Abstract

Peri-implant bone level values have been used as the clinical standard of reference to describe the status of a dental implant, despite the fact that their significance for the long-term survival of the implant has never been properly assessed. To challenge the assumption that the natural course of peri-implant bone loss is the loss of the implant. This article is a narrative review on reasons and interpretations of marginal bone level changes around dental implants. Different views regarding the pattern and progression of marginal bone loss depending on dental specialties have been identified. However, the present finding of a negative correlation between an increasing cumulative marginal bone loss and a decreasing risk of implant failures over time indicates that peri-implant marginal bone loss does not necessarily represent a condition of disease. Reduction of marginal bone levels may be observed in a majority of patients during follow-up time, with only a minority of those patients losing implants and implant-supported prostheses in the long term.

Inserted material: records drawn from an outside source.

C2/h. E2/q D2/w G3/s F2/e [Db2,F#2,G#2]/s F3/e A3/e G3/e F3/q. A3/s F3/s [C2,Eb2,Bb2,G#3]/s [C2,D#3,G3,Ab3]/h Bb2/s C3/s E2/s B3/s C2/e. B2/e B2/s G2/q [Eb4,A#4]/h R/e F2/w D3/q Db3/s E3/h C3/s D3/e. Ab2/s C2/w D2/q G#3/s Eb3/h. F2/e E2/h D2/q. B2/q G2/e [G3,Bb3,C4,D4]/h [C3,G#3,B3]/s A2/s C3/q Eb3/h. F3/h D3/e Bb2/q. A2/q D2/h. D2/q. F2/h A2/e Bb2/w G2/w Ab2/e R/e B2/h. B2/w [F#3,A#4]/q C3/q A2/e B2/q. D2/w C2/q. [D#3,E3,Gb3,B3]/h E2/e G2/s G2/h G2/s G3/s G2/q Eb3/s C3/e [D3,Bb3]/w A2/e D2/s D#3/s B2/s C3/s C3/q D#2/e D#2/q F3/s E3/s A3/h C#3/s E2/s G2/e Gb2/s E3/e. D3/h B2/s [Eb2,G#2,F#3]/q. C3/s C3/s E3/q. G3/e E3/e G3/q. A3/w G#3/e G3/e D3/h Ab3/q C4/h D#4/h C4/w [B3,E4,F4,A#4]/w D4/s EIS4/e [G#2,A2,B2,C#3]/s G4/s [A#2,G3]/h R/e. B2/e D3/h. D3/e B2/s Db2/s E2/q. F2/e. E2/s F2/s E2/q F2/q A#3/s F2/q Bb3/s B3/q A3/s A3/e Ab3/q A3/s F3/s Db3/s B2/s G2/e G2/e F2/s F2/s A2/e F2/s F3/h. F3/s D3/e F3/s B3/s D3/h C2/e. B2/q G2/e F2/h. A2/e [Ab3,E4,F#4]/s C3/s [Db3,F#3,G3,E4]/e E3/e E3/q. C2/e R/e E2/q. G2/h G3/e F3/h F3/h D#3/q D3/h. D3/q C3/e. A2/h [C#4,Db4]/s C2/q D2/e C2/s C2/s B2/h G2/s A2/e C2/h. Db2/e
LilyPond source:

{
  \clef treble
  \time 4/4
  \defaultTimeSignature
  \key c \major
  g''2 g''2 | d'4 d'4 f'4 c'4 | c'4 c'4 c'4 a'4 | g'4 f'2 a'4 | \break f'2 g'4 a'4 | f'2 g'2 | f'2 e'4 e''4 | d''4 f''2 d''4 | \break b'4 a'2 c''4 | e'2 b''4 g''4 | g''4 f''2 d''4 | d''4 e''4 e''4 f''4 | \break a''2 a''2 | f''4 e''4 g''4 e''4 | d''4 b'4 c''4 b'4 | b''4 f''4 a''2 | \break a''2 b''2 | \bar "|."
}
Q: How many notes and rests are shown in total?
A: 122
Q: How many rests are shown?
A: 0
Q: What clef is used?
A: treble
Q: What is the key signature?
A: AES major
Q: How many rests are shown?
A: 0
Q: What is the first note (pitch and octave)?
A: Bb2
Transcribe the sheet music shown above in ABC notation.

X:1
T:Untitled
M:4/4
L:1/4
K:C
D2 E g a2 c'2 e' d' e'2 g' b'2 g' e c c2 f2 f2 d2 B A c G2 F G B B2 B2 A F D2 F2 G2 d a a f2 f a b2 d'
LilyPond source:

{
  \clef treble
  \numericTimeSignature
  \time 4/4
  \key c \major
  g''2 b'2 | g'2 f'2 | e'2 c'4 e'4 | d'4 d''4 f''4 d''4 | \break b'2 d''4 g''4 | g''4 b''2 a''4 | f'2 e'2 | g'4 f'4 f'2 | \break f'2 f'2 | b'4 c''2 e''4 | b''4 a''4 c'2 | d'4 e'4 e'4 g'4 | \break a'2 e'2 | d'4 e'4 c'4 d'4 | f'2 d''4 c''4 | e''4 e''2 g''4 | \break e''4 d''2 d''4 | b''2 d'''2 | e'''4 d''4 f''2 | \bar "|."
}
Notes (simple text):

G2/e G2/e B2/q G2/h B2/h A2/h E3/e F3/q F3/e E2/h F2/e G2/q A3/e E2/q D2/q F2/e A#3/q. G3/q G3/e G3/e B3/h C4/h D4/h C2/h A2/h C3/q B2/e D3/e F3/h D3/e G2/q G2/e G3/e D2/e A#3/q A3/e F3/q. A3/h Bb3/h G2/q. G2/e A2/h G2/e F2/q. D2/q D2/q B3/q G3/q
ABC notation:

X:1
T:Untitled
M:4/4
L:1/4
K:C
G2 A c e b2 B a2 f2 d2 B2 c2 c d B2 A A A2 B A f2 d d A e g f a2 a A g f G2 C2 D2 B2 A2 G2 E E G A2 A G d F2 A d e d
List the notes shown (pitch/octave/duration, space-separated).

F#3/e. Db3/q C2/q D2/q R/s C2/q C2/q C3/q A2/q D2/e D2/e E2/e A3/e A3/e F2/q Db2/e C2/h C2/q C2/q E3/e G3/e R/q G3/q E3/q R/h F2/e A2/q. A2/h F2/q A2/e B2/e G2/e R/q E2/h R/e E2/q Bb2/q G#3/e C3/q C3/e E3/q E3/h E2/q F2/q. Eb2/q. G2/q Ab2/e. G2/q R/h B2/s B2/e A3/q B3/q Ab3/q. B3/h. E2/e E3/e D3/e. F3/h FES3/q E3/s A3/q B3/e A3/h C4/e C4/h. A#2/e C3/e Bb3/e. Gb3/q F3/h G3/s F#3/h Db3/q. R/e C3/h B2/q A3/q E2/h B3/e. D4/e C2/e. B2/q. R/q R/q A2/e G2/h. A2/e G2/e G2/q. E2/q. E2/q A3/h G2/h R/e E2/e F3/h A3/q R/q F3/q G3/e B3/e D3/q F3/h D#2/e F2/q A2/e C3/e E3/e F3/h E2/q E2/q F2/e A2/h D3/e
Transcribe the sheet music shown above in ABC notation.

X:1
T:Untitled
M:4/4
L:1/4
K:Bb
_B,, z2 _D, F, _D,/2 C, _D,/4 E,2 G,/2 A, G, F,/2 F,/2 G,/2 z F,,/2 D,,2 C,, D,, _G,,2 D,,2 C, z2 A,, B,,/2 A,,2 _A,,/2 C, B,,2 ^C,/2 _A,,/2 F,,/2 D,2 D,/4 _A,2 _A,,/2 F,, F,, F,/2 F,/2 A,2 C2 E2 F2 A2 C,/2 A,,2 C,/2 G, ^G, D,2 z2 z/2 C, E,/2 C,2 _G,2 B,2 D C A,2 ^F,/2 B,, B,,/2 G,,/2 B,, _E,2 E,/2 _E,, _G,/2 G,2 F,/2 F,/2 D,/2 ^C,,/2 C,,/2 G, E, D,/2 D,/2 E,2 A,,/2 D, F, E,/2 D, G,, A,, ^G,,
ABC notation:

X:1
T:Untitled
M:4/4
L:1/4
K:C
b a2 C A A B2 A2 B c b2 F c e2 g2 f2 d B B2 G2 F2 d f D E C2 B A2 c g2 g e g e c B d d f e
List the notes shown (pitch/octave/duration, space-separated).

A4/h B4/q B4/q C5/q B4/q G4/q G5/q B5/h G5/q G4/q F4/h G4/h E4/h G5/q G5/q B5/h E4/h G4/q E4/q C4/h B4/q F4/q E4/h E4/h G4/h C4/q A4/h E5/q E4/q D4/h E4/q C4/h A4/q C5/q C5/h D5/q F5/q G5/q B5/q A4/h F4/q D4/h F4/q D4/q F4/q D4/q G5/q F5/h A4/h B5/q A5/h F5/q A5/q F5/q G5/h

Bone level changes seem often to occur as a consequence of physiological processes and/or as an adaptation to altered external as well as host response factors. Periodical radiological assessments of implant-restorations remain a valid diagnostic tool for the detection of potential implant fractures, loss of osseointegration, screws working loose and for the detection of the few cases with advanced, continuously progressing marginal bone loss during time. The detection of peri-implant marginal bone loss at one time point should not be immediately considered as a sign of ongoing pathology and of an increased risk of future loss of the implant in question.